A typical scope of Conceptual Engineering encompasses Preliminary Project Planning and Preliminary Cost Estimations, to identify if the project is feasible, or whether the necessary equipment or processes are available in the marketplace.
Aiming to have the Preliminary Cost, a usual method is the Bottom Up Estimating, which builds the overall cost estimate by summing estimates of several “building blocks” and processes, on a Work Breakdown Structure (WBS) perspective. Through this method, the system being costed is broken down into lower-level structures (such as sub-systems and equipment) and each of which is costed separately.
The cost estimator must have an extensive knowledge of the system’s characteristics and the minimum technical attributes from each “building block” on a conceptual perspective.

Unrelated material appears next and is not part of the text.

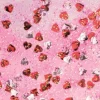 Glitterglue Flasche 53 ml Dosierverschluss Confetti Herzen Rot-Silber* Ostern|Bastelkleber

Because of the high level of uncertainties in the Conceptual Engineering, each step of the work flow should be identified, measured, and tracked, and the results for each outcome should be summed to make the point estimate.

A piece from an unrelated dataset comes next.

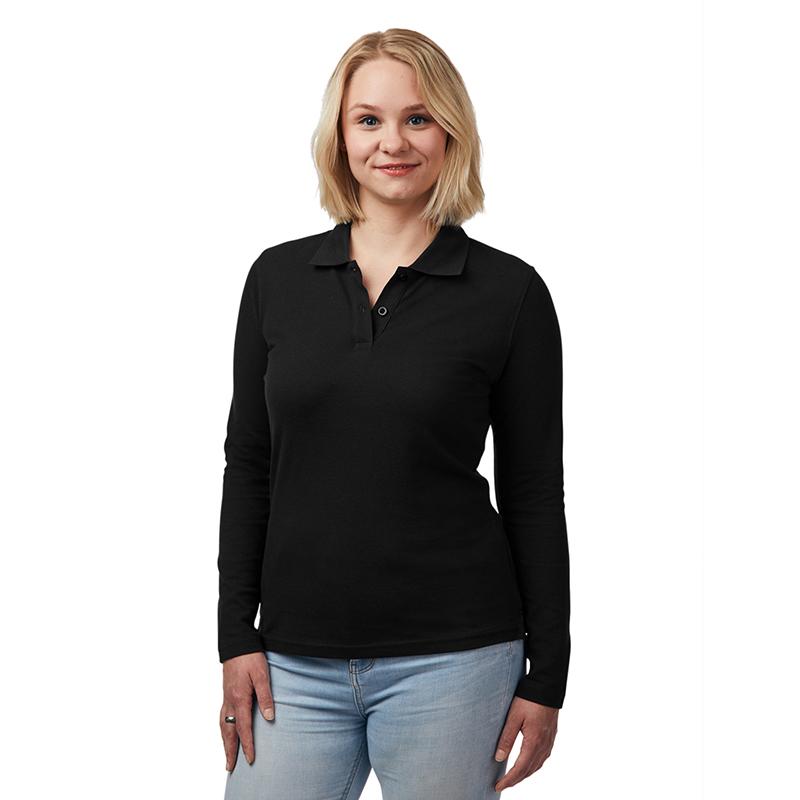 POLOSHIRT, Langarm, Damen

Some advantages of the Bottom Up Estimating include: the estimator’s ability to determine exactly what the estimate includes and whether anything was overlooked; its applicability to a specific project and/or manufacturer; a good insight into major cost contributors; and easy transfer of results to other projects. Although the Bottom Up Estimating Method faces some drawbacks, it’s a well-known and validated method for Conceptual Engineering Cost Estimation, when highly complex systems are involved.